INPUT DATA

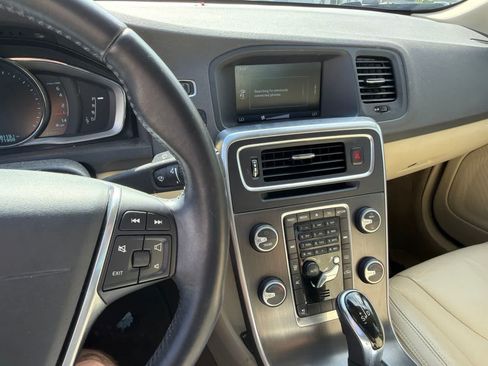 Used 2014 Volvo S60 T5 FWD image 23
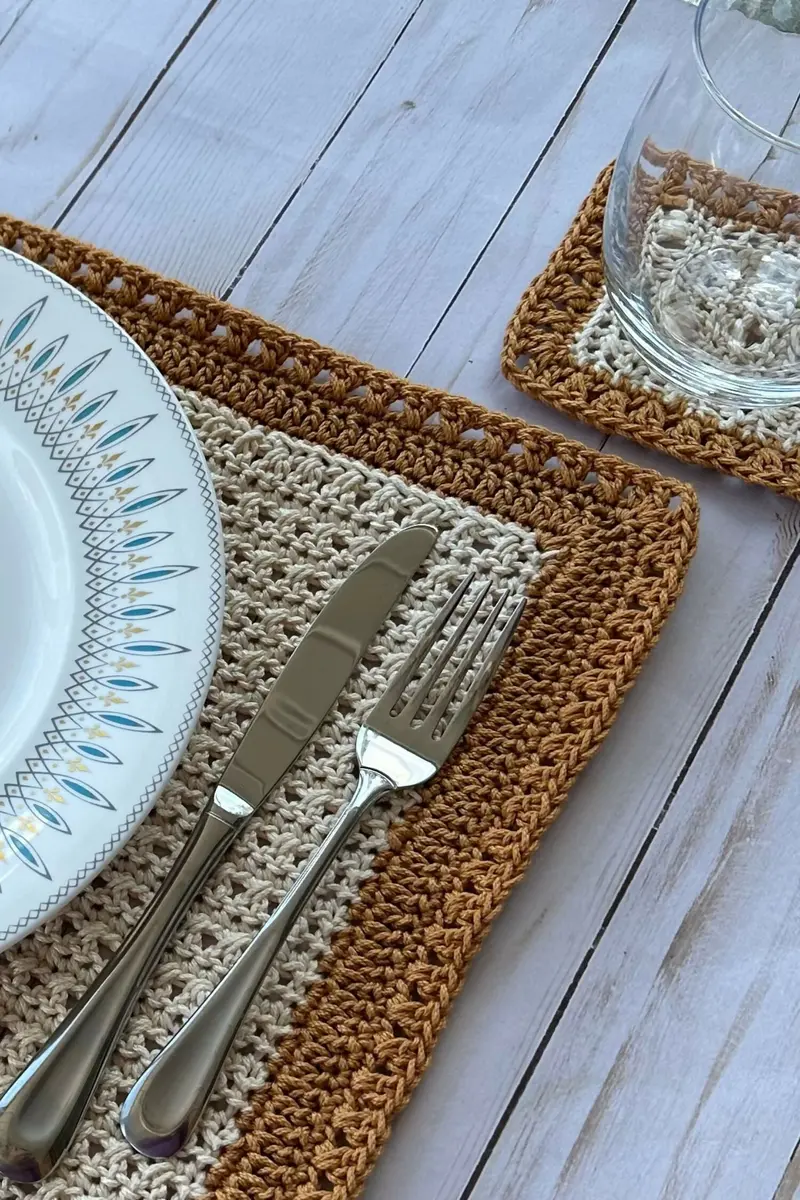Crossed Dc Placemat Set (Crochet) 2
* * *
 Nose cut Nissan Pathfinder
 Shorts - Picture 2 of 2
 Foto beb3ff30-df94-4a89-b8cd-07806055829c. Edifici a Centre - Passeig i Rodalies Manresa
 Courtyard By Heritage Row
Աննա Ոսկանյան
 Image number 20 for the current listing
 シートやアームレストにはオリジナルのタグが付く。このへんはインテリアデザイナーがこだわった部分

REQUIRED ACTION
Using the entries above, transcribe every line from the line containing "Used 2014 Volvo S60 T5 FWD image 23" through the line containing "Crossed Dc Placemat Set (Crochet) 2". Do not copy pictures.

TASK SOLUTION
 Used 2014 Volvo S60 T5 FWD image 23
Crossed Dc Placemat Set (Crochet) 2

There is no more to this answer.